NIA questions over 20 persons in probe of ‘ISIS Maha module’

NIA questions over 20 persons in probe of ‘ISIS Maha module’

The National Investigation Agency (NIA) on Monday questioned more than 20 persons from Thane, Mumbai and Bangalore as part of its crackdown on the alleged Maharashtra module of the proscribed terror organisation, ISIS (Islamic State of Iraq and Syria). The persons were summoned “on suspicion”, said an NIA official.

Among those questioned was Areeb Majeed, a resident of Kalyan, who in 2014 had allegedly gone to Syria to join ISIS. Majeed returned to India in November 2014, after which he was arrested by the NIA. He is currently out on bail.

On Saturday, the agency had conducted searches at 44 locations in Maharashtra and Karnataka and arrested 15 persons from Padgha in Thane district for allegedly indulging in terror acts for ISIS. It said it had found weapons, cash, digital devices and flags of Hamas during the searches carried out in Padgha, Thane, Kalyan, Mira Road and Pune in Maharashtra, and Bengaluru in Karnataka.

The agency also revealed that it had arrested Mohammed Saquib Abdul Hamid Nachan alias Raveesh alias Saquib alias Khalid, the main accused and the self-declared leader of the group of arrested persons. Nachan had allegedly assumed the rights of administering ‘bayath’ (the path of alliance towards the Khalifa of ISIS) to persons joining the proscribed organisation, said police officials familiar with the investigations.

Nachan was convicted in the 2002-2003 blasts at Mumbai Central railway station, Vile Parle and Mulund under the Prevention of Terrorism Act and was sentenced to ten years’ imprisonment. After he was released, he settled down in Padgha again.

The agency claimed that the accused were operating on the directions of their foreign handlers and had been actively involved in various terrorist activities, including fabrication of IEDs, “to further the violent and destructive agenda of ISIS”. The accused are all allegedly members of the ISIS Maharashtra module and were operating from Padgha, Thane and Borivali areas, where they had “hatched a conspiracy to spread terror and violence across India”, said an NIA officer.

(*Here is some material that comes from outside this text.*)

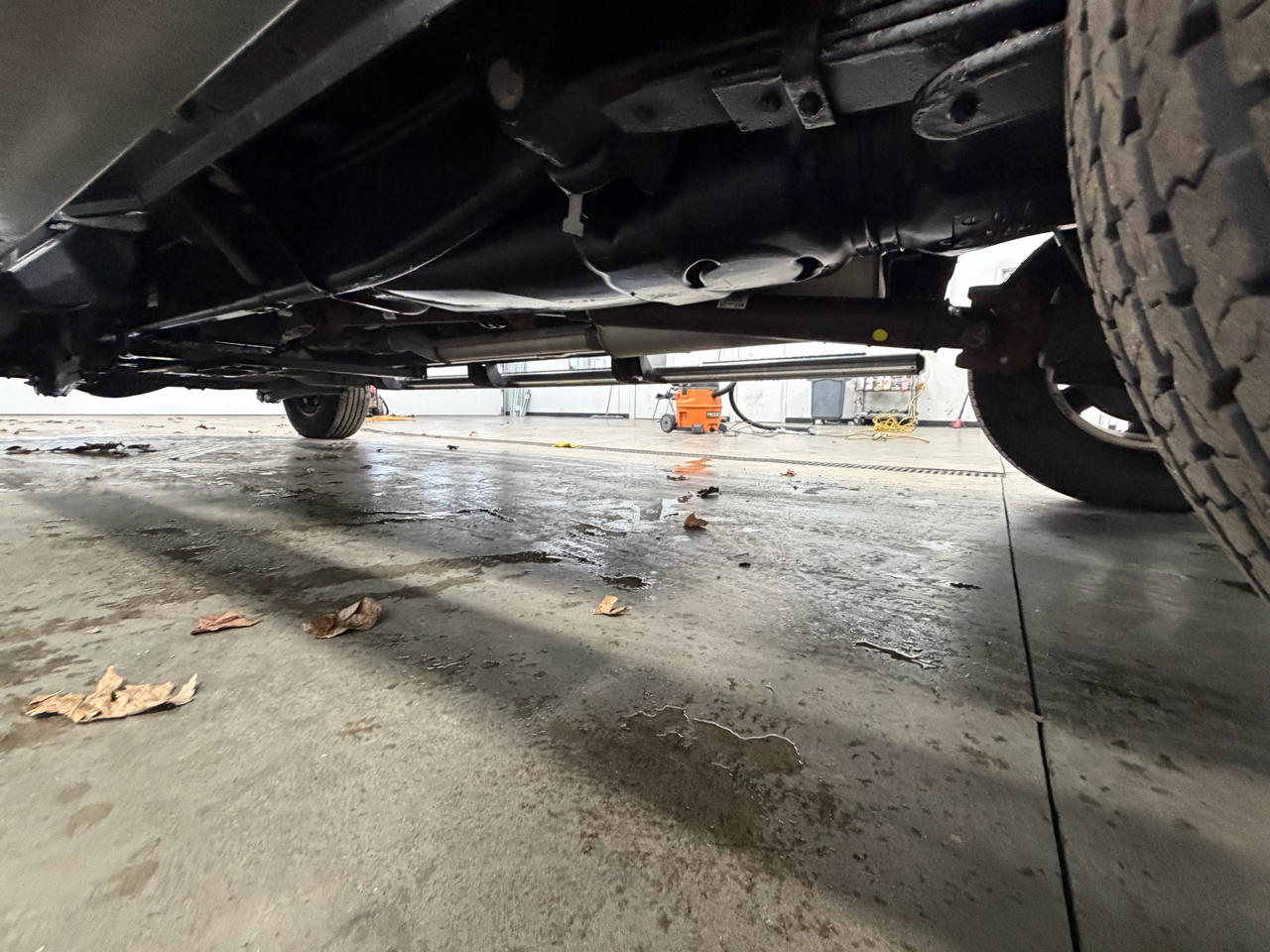 RAM 3500 Big Horn 4x4 Crew Cab 8' Box 2018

“Pursuing the path of violent jihad and khilafat, the accused had aimed to disturb the peace and communal harmony of the country and wage a war against the Government of India,” he claimed. “Preliminary investigations have revealed that they had declared the village of Padgha in rural Thane as a ‘liberated zone’ and as ‘Al Sham’. They were motivating impressionable Muslim youth to relocate to Padgha in order to strengthen the Padgha base.”